Complexity of Set.contains()

Martin · June 19, 2018, 12:58pm

The documentation for Set.contains(_:) claims that its complexity is O(1).

Is that really true? In the case of hash collisions, searching for a value requires to check multiple elements, starting with the initial bucket. As an extreme case, if all elements happen to have the same hash value then searching for a non-existent value may require to check all elements, that would be O(N).

How is the statement “Complexity is O(1)” to be interpreted?

zoul · June 19, 2018, 1:10pm

I think it’s simply the average case?

Martin · June 19, 2018, 1:32pm

Average of what?

var hashValue: Int { return 0 }

is a valid implementation of the Hashable protocol, but makes all set operations O(N). Or is there some assumption that all (2^64) possible hash values are in some sense equally likely?

zoul · June 19, 2018, 1:49pm

Exactly, see SUHA (computer science) - Wikipedia.

sbromberger · June 19, 2018, 2:56pm

Here's a similar discussion for the Julia language: Redirecting to Google Groups

Big-O notation is supposed to be the worst-case, isn't it?

Letan · June 19, 2018, 4:12pm

IIRC Ben from his dotSwift talk mentions that the docs do comment worst case.

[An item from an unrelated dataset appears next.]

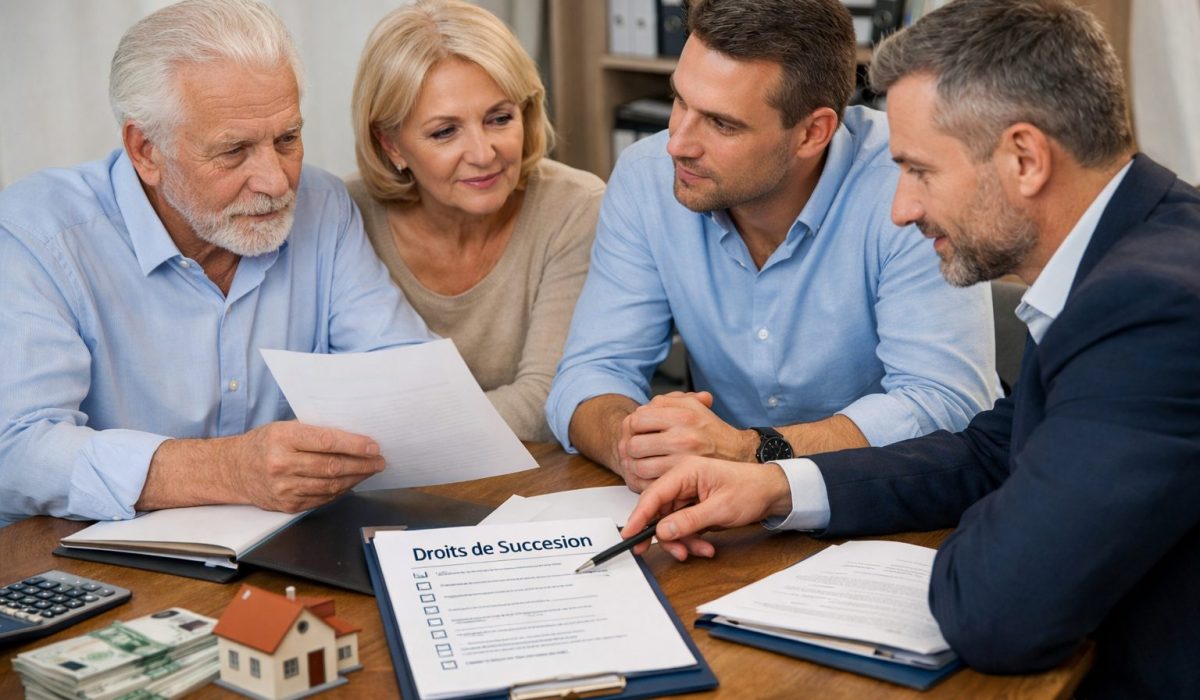 Réunion familiale avec conseiller autour des abattements sur les droits de succession entre parents et enfants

I’m sorry I don’t remember when exactly during the talk, but around the 10 min mark

zoul · June 19, 2018, 4:54pm

I’d rather say it’s an upper bound. And while we know that the general upper bound of a hash member lookup is linear (since you can’t do worse than simply walk through all the items crammed into a single bucket), it makes sense to reason about some average performance, where average relates to the number of collisions. And it turns out that when you amortize the infrequent collisions over the happy cases, the real-world upper bound of member lookup gets constant. (That’s the way I understand it, anyway, I’m a CS noob.)

Ben_Cohen · June 19, 2018, 5:19pm

It depends what you mean by average and by worst case.

For example, Array.append is amortized O(1), but sometimes an individual call to append will take O(n) because the array needs to grow. But But because of how Array's growth strategy works, you can think of this as kind of "averaging out" to O(1).

But that's not what's happening with Set. Here, I think the justification for the complexity is that it's not reasonable to have to consider the case where all values hash the same. The expectation is that all types must provide a high-quality hash. Now that Swift will auto-generate one for you, and makes it easy to write custom ones, anything else can be considered a bug in the conforming type (possibly this could be emphasized more in documentation). This assumption, combined with a decent implementation of Set, means it's OK to assume constant-time lookup, because collisions should be modest and Set should never deteriorate into just being an unordered list in practice.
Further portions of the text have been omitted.